MGM’s $607M Bet Is Taking Shape: Why LeoVegas’ Tiger Migration Isn’t Just Another Tech Switch

(AsiaGameHub) – I caught up last week with Erik Lundqvist, former head of igaming platform strategy at the Nordic Gaming Association, who broke down what this news actually means for the space. Lundqvist said this full migration of LeoVegas’ Swedish brands to Tiger isn’t just a routine tech upgrade. For decades, most betting operators have relied on third-party sportsbook providers that lock them into steep fees and slow product iteration. LeoVegas isn’t just cutting overhead here. It’s building a full-stack proprietary ecosystem MGM can roll out to every regulated market it enters post-acquisition. This isn’t incremental change, it’s a blueprint for how large gaming groups will compete over the next five years.
For anyone who hasn’t followed the project, here’s how it all came together. The full migration wrapped on June 1, 2026, after LeoVegas moved all four of its Sweden-facing brands to the Tiger platform. GoGoCasino, BetMGM and Expekt switched over first, with the core LeoVegas brand finishing the transition last, putting the whole project across the finish line just in time for the FIFA World Cup, one of the busiest betting periods on the global sporting calendar. The entire process took less than two months to complete.
Tiger was built as LeoVegas Group’s in-house proprietary sportsbook, and forms the centerpiece of the group’s long-term plan to build a fully end-to-end proprietary betting and gaming ecosystem. After MGM Resorts International acquired LeoVegas for $607 million, development on Tiger accelerated sharply, with the platform marked as the core sportsbook technology for all of the group’s global online gambling ambitions.
The platform packs a full suite of betting features, from Flex Combo betting and odds boosts to cash-out functionality, live streaming, custom Bet Builder markets, and pool betting through the Leo-tipset product. By bringing all these capabilities in-house, LeoVegas gains full control over product development, platform integrations, customer data management and new sportsbook innovation, while cutting its reliance on outside third-party technology suppliers.

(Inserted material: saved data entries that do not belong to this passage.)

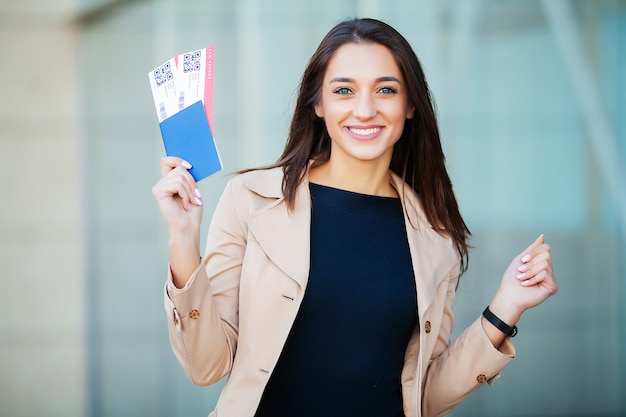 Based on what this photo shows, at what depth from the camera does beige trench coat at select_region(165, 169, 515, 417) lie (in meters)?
2.41

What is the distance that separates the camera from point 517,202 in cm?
534

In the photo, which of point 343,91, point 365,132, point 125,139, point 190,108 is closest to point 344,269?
point 365,132

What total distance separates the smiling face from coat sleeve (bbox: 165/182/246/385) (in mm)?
361

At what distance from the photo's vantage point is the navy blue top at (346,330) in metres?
2.52

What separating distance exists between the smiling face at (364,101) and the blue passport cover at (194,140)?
480mm

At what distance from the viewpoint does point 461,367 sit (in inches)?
106

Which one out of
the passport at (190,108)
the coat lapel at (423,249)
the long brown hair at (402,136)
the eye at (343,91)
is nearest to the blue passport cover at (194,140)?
the passport at (190,108)

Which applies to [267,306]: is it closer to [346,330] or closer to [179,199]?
[346,330]

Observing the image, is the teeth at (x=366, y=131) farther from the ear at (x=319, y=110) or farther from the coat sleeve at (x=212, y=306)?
the coat sleeve at (x=212, y=306)

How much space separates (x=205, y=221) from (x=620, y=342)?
251 cm

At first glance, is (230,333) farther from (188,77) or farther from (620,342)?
(620,342)

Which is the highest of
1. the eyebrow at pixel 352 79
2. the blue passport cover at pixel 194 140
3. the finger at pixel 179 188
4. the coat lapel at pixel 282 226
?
the eyebrow at pixel 352 79

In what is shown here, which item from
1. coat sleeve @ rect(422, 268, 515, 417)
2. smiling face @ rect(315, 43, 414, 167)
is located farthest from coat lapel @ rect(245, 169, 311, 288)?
coat sleeve @ rect(422, 268, 515, 417)

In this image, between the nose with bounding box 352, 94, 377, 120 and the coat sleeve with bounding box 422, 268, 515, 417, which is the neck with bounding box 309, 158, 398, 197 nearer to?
the nose with bounding box 352, 94, 377, 120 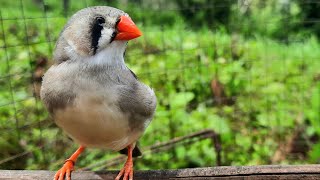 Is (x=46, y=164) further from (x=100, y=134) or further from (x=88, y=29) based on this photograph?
(x=88, y=29)

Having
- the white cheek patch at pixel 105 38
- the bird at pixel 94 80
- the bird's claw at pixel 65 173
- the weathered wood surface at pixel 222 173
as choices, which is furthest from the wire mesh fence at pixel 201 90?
the white cheek patch at pixel 105 38

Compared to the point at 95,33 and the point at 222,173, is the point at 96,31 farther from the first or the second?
the point at 222,173

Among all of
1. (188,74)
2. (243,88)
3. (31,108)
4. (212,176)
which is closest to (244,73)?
(243,88)

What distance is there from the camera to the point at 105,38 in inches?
87.2

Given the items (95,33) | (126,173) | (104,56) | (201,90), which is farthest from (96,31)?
(201,90)

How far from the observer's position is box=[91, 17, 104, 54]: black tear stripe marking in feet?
7.27

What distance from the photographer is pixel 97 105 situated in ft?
7.32

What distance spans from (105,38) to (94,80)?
0.18 metres

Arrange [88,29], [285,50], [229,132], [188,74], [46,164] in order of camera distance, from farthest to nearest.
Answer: [285,50] < [188,74] < [229,132] < [46,164] < [88,29]

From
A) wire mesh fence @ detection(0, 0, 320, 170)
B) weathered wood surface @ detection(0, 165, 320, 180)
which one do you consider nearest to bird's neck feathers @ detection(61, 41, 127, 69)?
weathered wood surface @ detection(0, 165, 320, 180)

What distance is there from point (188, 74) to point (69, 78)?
272cm

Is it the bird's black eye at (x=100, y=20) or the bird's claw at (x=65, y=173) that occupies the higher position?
the bird's black eye at (x=100, y=20)

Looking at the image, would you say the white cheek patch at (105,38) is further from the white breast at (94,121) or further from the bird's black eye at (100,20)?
the white breast at (94,121)

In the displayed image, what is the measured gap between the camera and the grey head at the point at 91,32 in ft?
7.29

Leadership frames Tiger as the sportsbook equivalent of the group’s already proven Rhino casino platform and Stack technology architecture, two tools that helped establish LeoVegas’ brands as leaders in mobile gaming and digital customer engagement. The company expects Tiger to deliver that same competitive edge in sports betting, letting teams move faster on innovation, data integration and customer experience tweaks. Mattias Wedar of LeoVegas noted that multiple teams worked tirelessly to hit the World Cup timeline, and that early performance data from earlier regional launches has already been very positive.
Looking across the broader space, this move lines up with a shift that’s been building for years. Regulated European igaming is getting more competitive by the quarter, and data privacy rules are tightening across almost every market. Owning your core infrastructure isn’t just a way to cut long-term costs anymore, it’s a prerequisite for compliance and fast adaptation to local market changes.
Third-party providers can’t match the level of custom control in-house teams can deliver, especially when it comes to leveraging first-party customer data to personalize experiences. For MGM, this successful full migration in Sweden gives them a tested, ready-to-scale core sportsbook they can roll out to other new regulated markets as they expand, cutting down on both licensing costs and time to launch.
Smaller operators will almost certainly keep relying on third-party tech to manage overhead, but we’ll see more large consolidated gaming groups follow this path over the next few years. The operators that control their full stack will be able to out-innovate everyone else, and that gap will only widen as the market matures.